Kyle Schwarber, the Cubs’ slugging left fielder, needs a nickname. TV announcers at the first playoff game against the Mets tried out “the Hulk,” which is lame. Reader alum Neil Tesser, the Grammy-winning jazz writer, tells me he’s heard other broadcasters trying to promote the “New Baby Bull.” First baseman Orlando Cepeda was the original Baby Bull half a century ago. Boxer Juan Diaz is the Baby Bull today. Back in the 1920s, heavyweight Luis Firpo was the Wild Bull of the Pampas.
Let’s put a fork in that one.
Ted Cox, writing for the Bleader, just nominated “Vavoom.” I don’t know what to say about that except, well, it wouldn’t have occurred to me.
I have another idea.
Schwarbatron, The Hulk, Smash, Schwarbinator, The Schwarbernator, Schwarbageddon, Fat Lefty, Schwarberger King, Charles Schwarb, Big Boy.

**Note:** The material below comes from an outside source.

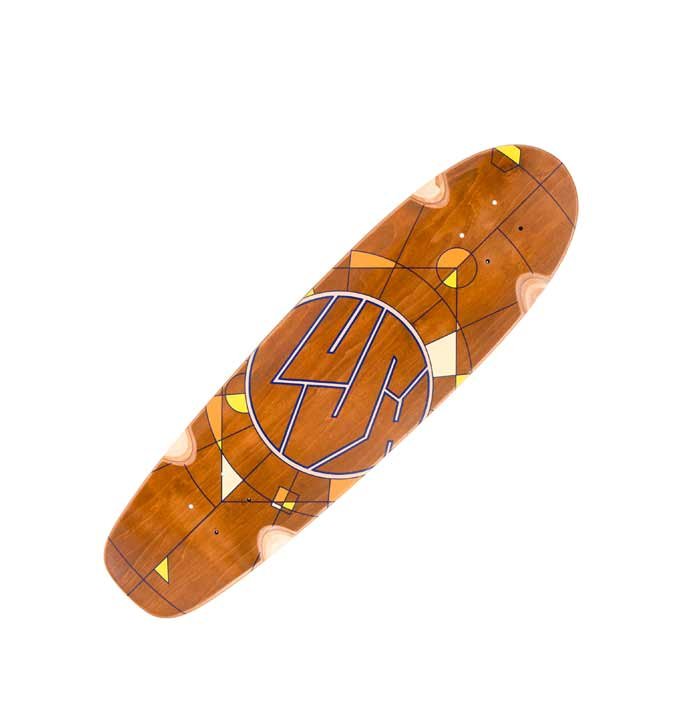 Lush Fuel Logo Mini Cruiser deck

Schwarber the Barbarian, Kyle the Schwarbarian, The Hitman, The Hoosier Hitman, Hoosier Daddy, The Middletown Muscle, The Lumber, The Lumberyard, Bamm-Bamm, The Big Schwarbowski, Tonka Toy.
The Blond Bomber, Plug, Homer Kyle, Tank, Schwarbwarrior, The Investment, The Big Schwarb, Mr. Club, K-Schwarb, May The Schwarb Be With You.
The Magnificent Kyle, Stump The Schwarb, Man O’ Schwarb, Schwarbiscuit, Schwarbretariat, The Cubbie Crusher, The Fifth Greatest Living Player.
The Schwarbmeister, Schwabie, K-Car, Klutch, Kber, The Big Swish, The Hitman.
My favorite reader suggestion? Schwar Machine. I’m still open for business, but you’re going to have to work hard to beat that one.
I don’t know how hard he worked, but Tesser beat all of those silly. He drew on his command of American popular culture, in this case the old comic strip Nancy, and came up with the perfect tag for the most lovable of the Lovable Lofters.
Here’s Schwarber’s slugging percentage for the 2015 season: .487
And for the Pittsburgh and Saint Louis rounds of the postseason: 1.231.
And here’s Schwarber. Alongside him, that’s Nancy’s best friend, Sluggo:
Sluggo’s an icon. Schwarber couldn’t do better.